В отличие от Дрие Ларошеля или Бертрана де Жувенеля, я не подвергался риску заключить с отчаяния абсурдные обязательства. Меня защищало от этого не столько мое еврейство, сколько люди, среди которых я жил, мой образ мыслей, мое неизменное неприятие обоих однопартийных режимов.
Ясно, что искушение фашизмом меня не коснулось. Я мог бы поддаться другому искушению. Александр Кожев заявлял, что он «ортодоксальный сталинист», Андре Мальро вел себя как попутчик. Однако первый из них казался мне, несмотря ни на что, «белым» русским, который мог прийти к коммунизму по мотивам, имеющим отношение к всемирной истории, но оставался при этом весьма далеким от партии. Второй же нисколько не пытался оказать на меня давление и, думаю, считал меня предназначенным самой природой к умеренным взглядам.
А я вернулся из Германии убежденным, что, пока у власти находится Гитлер, всякие попытки франко-германского примирения будут тщетны и даже вредны, тогда как до января 1933 года я был их ревностным сторонником. Я наблюдал, не участвуя, холодную гражданскую войну, развязанную начиная с февраля 1934-го. Как я уже писал, я не верил в опасность фашизма во Франции, потому что здесь не было ни настоящего демагога, ни расщепленных масс, ни страсти к завоеваниям, словом, ни одной из составляющих фашистского кризиса. Антифашисты гонялись за призрачным врагом и не могли прийти к согласию в главном, в вопросе об отношении к действительному врагу — Гитлеру.

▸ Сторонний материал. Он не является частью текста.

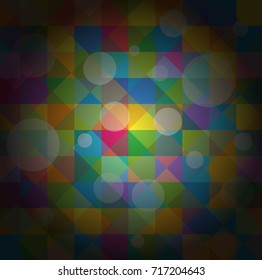 Dark Illuminated Mosaic Bokeh Background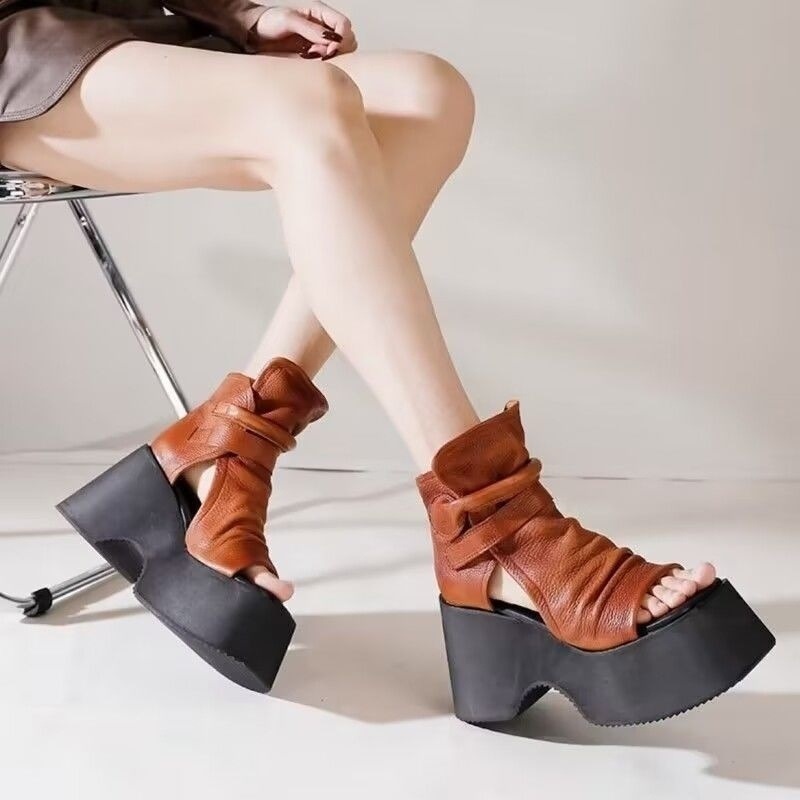 Womens Retro Platform Round-Toe Versatile High-Top Sandals foto 2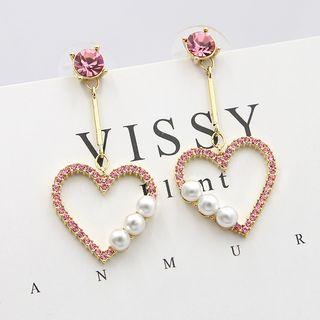 Faux Pearl Rhinestone Heart Dangle Earring 1 Pair - Stud Earrings - Heart - Pink - One Size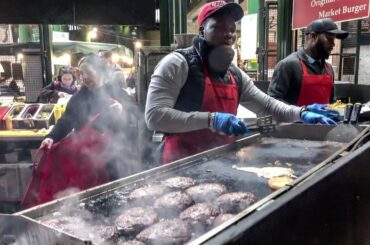 Huge Burgers on Grill, London Street Food, Borough Market
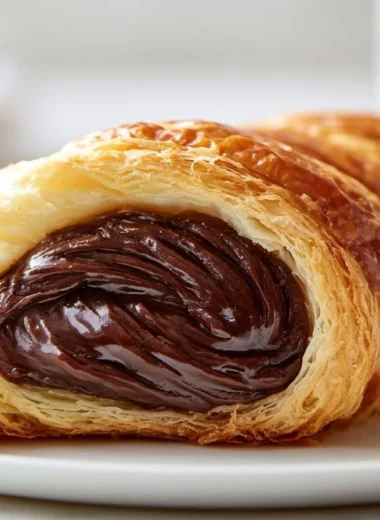 Golden Pain au Chocolat with flaky pastry and melted chocolate filling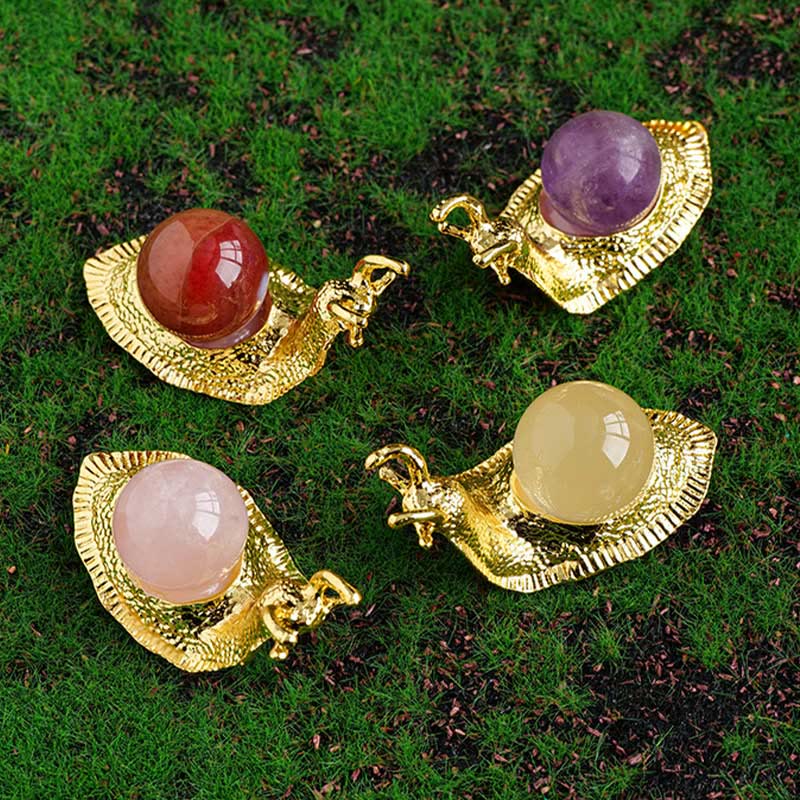 Olivenorma Portapalle di Cristallo Naturale Piccola Decorazione a Forma di Lumaca con Pietre Preziose 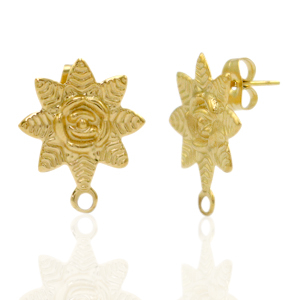 Stainless steel earrings/earpin flower with loop Gold
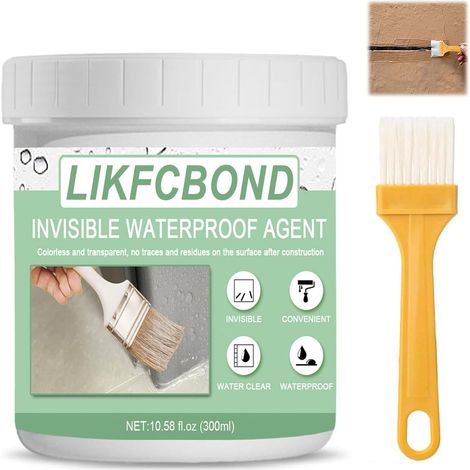 Liquide Étanchéité Transparent, 300g Agent Anti-Fuite Étanche, Colle Étanche Scellée, Agent de Revêtement Imperméable Pour Salle de Bain, Plafonds, Toits, Rebords de Fenêtres, Carrelage (1/5)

Из моих германских воспоминаний, из крикливых речей во Дворце спорта я вынес убеждение, что фюрер Третьего рейха способен на чудовищные поступки. История подтвердила мою правоту, но должен признаться, что мое суждение основывалось скорее на психологической или исторической интуиции, нежели на доказательствах. В сентябре 1938 года большинство немцев стало сторонниками режима благодаря достигнутым успехам, а именно ликвидации безработицы, перевооружению, созданию Великого рейха, ненасильственномуприсоединению Австрии и Судет: достижения, по видимости, превосходили сделанное Бисмарком [84] . Умри Гитлер внезапно на другой день после Мюнхенского соглашения, разве не остался бы он в истории одним из величайших немцев? Конечно, только по видимости, ибо он не оставил бы после себя ни правового режима, ни правового государства. Веймарская конституция уже не существовала, конституции Третьего рейха еще не было. Кроме того, Гитлер уже обнародовал нюрнбергские законы и восстановил свой народ против меньшинства — приметного, но бессильного. Именно после Мюнхена Геббельс организовал погром — «Хрустальную ночь» — в общегерманском масштабе в ответ на убийство секретаря немецкого посольства в Париже. Преемник Гитлера, кто бы он ни был, преодолел бы конституционный хаос. Административный аппарат оставался на своем месте, старые военачальники были пока многочисленнее национал-социалистских офицеров. Как бы эволюционировал Третий рейх после 1938 года без Гитлера, никто не знает. Все, что мы вправе сказать: оказавшись без Гитлера в октябре 1938 года, Германия необязательно развязала бы европейскую, а затем и мировую войну.
84
Себастьян Хаффнер в своей прекрасной книге «Bemerkungen zu Hitler» [ «Замечания к Гитлеру»] талантливо развивает этот тезис.